Optimization of a Parallel Aplication for Multi-Core Environments

(This work was done by Vivek Lingegowda during his internship at Intel.)

From Amdahl's law we know that the performance of a parallel application in a multicore environment is limited by its non-parallel part. Parallel applications inescapably have non-parallel parts that form bottlenecks while trying to gain the performance by adding more number of cores. We must reduce the impact of these bottlenecks by either finding a way to parallelize the non-parallel parts or by making them faster by using efficient algorithms and data structures to improve the performance of the non-parallel parts.

In this blog we will look in to how we improved an application, Canneal, that was limited by its serial portion.

Canneal is an application in the PARSEC benchmarking suite. PARSEC is an opensource chip-multiprocessor benchmarking tool (http://parsec.cs.princeton.edu/). The application takes 2.5 million netlists with fanins and fanouts as input from file and calculates the minimum routing cost of a chip design. The application has a serial grid construction phase followed by parallel route calculation phase and then a serial final routing calculation phase. The graph below shows the performance scaling of the application when run with varying number of threads on a system with 80 logical cores. [Performance Ratio: Application run time with 1 thread/Application run time with x threads].

Figure 1 Pre-Optimization Performance Scaling of Canneal Application

Figure 2 below is MPSTAT data showing the CPU loads at different instants of time when the application is running with 80 threads.

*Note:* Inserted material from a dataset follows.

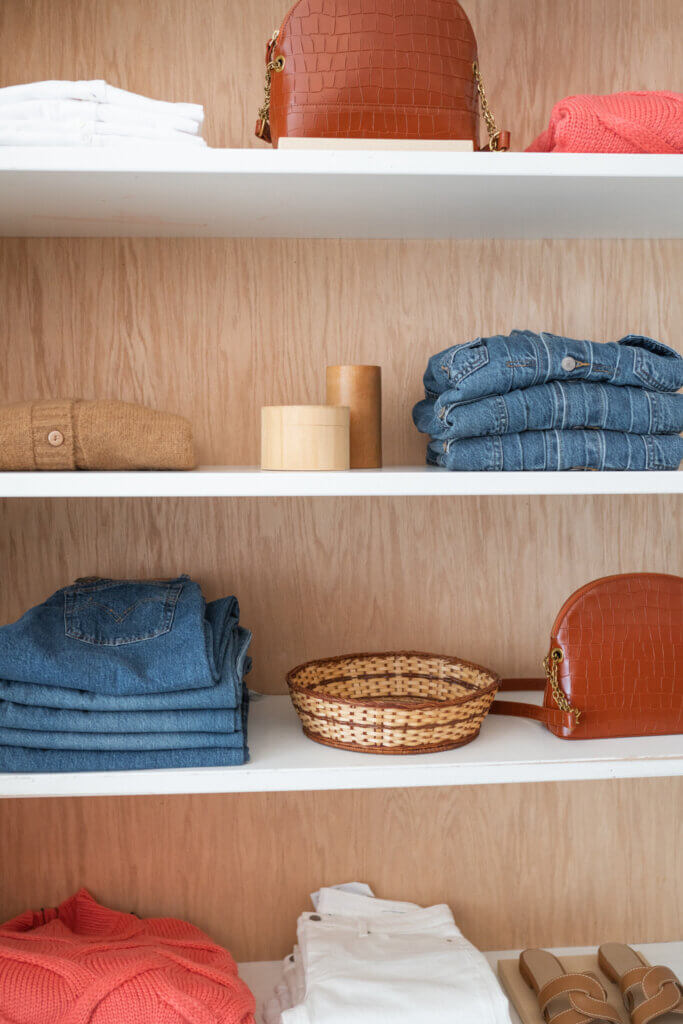 picture of folded clothes and purses on a white shelf.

Figure 2: MPSTAT data showing the CPU load at different instants of time

The serial grid construction and the serial final routing calculation amounts to 67% and 14% of the total run time of the application respectively when run with 80 threads. Grid construction uses C++ STL maps to store and search 2.5 million netlists based on netlist names; netlist names are unique lower case strings with maximum length of 5 characters. C++ STL Map internally uses Red Black tree to store data. Red-Black trees take O(nlogn) time to construct and O(logn) to search.

In the following section we will describe one approach to optimize the application.

Optimizing Grid Construction:
Here instead C++ STL map we use a five dimensional array to store and search netlists. Indexes to the array are derived from individual characters in a netlist name as below. This array based approach takes O(1) to search and O(n) for grid construction.

const int ARRAY_MAX = 27;  const int INDEX_HASH = 96;
Netlist* _netlistArray[ARRAY_MAX][ARRAY_MAX][ARRAY_MAX][ARRAY_MAX][ARRAY_MAX];
Index1 = netlistName[0] – INDEX_HASH; Index2 = netlistName[1] – INDEX_HASH;  
Index3 = netlistName[2] – INDEX_HASH; Index4 = netlistName[3] – INDEX_HASH;
Index5 = netlistName[4] – INDEX_HASH;

Optimizing Final Routing calculation:
Here we parallelize the code by dividing the array of 2.5 million netlists among threads in the application to sum the routing values. The final routing is the sum of the routing values computed by all the threads.

The below graph compares the performance scaling of the Canneal application with optimized implementation.